WORK TASK: Only the lines below from the one containing "What_do_I_do_when_my_child_won_t_do_as_I_say_" to the one containing "赌钱赚钱软件官方登录好意思兰" should be repeated, both included and unchanged.

————

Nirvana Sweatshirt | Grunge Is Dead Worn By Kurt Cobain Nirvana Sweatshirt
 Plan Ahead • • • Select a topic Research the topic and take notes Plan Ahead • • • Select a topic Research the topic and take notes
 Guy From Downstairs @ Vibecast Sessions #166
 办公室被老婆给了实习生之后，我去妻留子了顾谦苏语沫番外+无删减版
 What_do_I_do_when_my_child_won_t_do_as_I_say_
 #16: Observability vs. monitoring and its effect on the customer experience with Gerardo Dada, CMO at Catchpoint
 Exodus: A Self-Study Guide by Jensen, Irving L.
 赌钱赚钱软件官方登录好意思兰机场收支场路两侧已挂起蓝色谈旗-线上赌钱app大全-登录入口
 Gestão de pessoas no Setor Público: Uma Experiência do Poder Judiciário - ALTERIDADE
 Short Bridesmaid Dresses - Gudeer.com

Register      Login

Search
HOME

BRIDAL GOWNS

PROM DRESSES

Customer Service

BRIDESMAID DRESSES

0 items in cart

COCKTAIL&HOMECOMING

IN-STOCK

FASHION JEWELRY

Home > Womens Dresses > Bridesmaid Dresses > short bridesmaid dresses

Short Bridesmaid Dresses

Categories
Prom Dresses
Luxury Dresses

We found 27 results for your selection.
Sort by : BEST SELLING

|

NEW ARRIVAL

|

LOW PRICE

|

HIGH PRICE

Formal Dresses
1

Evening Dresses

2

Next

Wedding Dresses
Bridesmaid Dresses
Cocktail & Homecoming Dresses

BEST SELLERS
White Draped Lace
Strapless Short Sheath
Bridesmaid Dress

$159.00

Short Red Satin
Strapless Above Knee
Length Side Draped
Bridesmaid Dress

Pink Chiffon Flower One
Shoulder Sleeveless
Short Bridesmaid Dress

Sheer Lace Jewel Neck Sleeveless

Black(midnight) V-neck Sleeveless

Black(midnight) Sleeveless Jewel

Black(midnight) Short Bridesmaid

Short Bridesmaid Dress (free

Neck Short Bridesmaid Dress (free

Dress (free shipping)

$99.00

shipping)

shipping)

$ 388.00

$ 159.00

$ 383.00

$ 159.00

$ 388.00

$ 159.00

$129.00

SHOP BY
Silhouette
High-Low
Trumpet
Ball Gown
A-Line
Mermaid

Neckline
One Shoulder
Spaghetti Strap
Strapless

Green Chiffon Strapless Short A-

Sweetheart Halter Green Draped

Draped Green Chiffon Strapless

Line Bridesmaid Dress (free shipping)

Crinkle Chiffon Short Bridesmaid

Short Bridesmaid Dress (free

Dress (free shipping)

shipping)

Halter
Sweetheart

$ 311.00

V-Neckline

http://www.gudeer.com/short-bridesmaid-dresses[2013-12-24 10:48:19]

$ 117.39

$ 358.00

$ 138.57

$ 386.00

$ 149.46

————

SOLVED PROBLEM:
 What_do_I_do_when_my_child_won_t_do_as_I_say_
 #16: Observability vs. monitoring and its effect on the customer experience with Gerardo Dada, CMO at Catchpoint
 Exodus: A Self-Study Guide by Jensen, Irving L.
 赌钱赚钱软件官方登录好意思兰机场收支场路两侧已挂起蓝色谈旗-线上赌钱app大全-登录入口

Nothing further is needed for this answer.